With him there, she had been able—almost able—to think of the violent deaths of Peggy Belford and Brian Collins as death in the abstract; as if, she thought, they had bled sawdust. (It was odd that the girl had bled so little. Or wasn’t it odd? She didn’t know.) She supposed this was because, with him there, she could to some degree share the attitude which it was essential he adopt. Bodies have been broken. Hence, the law has been broken. One finds out how, by whom.
She knew him too well to think that detachment went deep in Merton Heimrich. Once or twice, when he had talked about cases he was working on—cases of which she knew no more than he told her—she had realized, and each time with momentary surprise, how deeply he felt about them. Possibly, she thought—had thought those times and thought again now—it was because of a fundamental rejection of violence, almost a loathing of it, that he had decided to follow the trade he followed. She would ask him sometime.
With the trade, certainly, had come an ability to insulate himself —to pretend, on the surface of the mind, that bodies bleed sawdust; that murder is not a hideous picture which can fill the mind, but a puzzle to be solved. And, when he was with her, she could somehow share that insulation, try with him to work out the problem.
And now he had gone and left her with the picture in her mind. She could look at anything—look at the frypan to be scraped, put to soak—and see a slender girl in a bathing suit, one knee gracefully lifted, dead eyes staring at a ceiling; see a man she had talked to only hours before slumped with a great black hole in his head and blood all around him. She scraped blood from the frypan, not what remained of lamb curry. She—
Damn the man, Susan Faye thought, quite irrationally. (Because I was the one who led us to it, not he.) To go off to see people, talk to people, work on his puzzle, and leave me here to remember—to vividly remember blood. To feel lie beginning of nausea because wherever I look—
The thing was, of course, to put it out of her mind. People were always saying that—“Just put it out of your mind. Don’t let yourself think about it.” So—think about what, then? About a large doleful dog who had followed her into the kitchen and watched, hopelessly, while she threw food away? “You know you won’t eat anything with curry in it,” Susan Faye told Colonel. “Why do you pretend?”
Colonel sighed. There was little about Colonel, at best, to uplift the spirits. When he saw food disappear anywhere except into dog, Colonel was not at his best.

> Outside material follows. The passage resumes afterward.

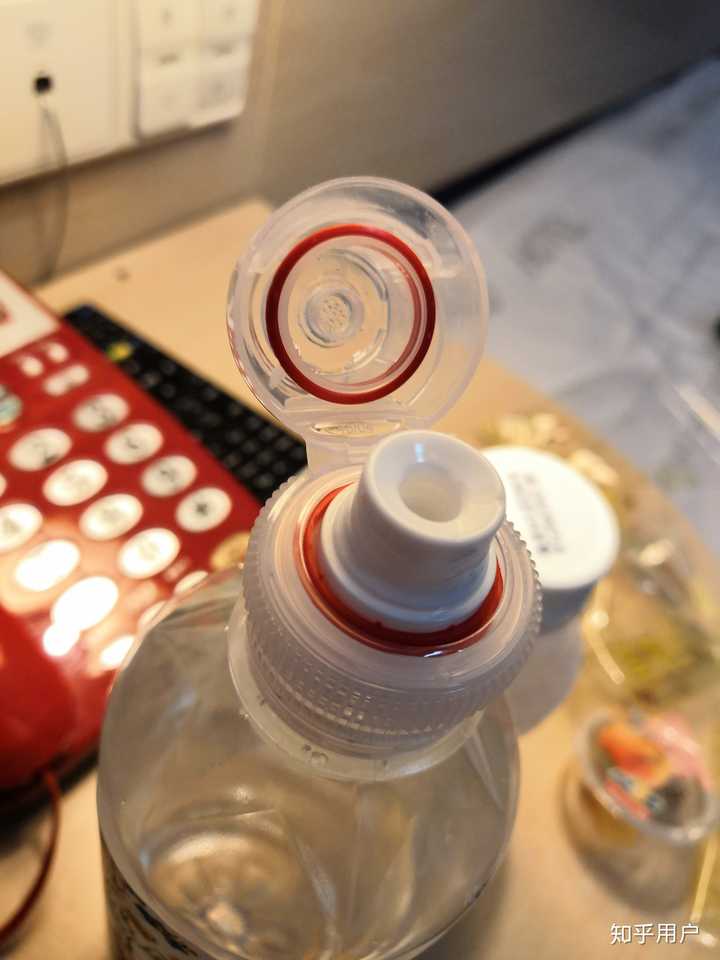 为什么很少有饮料采用农夫山泉矿泉水的瓶口设计?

Very well, if it could not be put out of the mind, think of it as a puzzle. That was, certainly, the only sensible thing to do. The other was—indulging the emotions. Chilling one’s own blood, which did no good to anyone. Think of it as a puzzle. If it was a puzzle. Decide, clearly, why—unclearly—her mind had rejected what was obviously true: that Brian Collins, in what must have been a moment of uncontrollable desperation, had killed a girl he must have loved enough to hate. Why had she rejected what was obvious?
She had told him—the great oaf, the dear slow oaf, the bump on a log—that it was because what Collins seemed to have done did not jibe with what she knew about Brian Collins, with the kind of man she was sure he was. And the great oaf had listened, been kind enough, gentle enough, to pretend for them both that what she said made sense. (I do wish, Susan thought, in parenthesis, that he wouldn’t be quite so damn gentle.) He had even pretended to believe, for both of them, that what he called the “outline” of a person, detected quickly, had some validity.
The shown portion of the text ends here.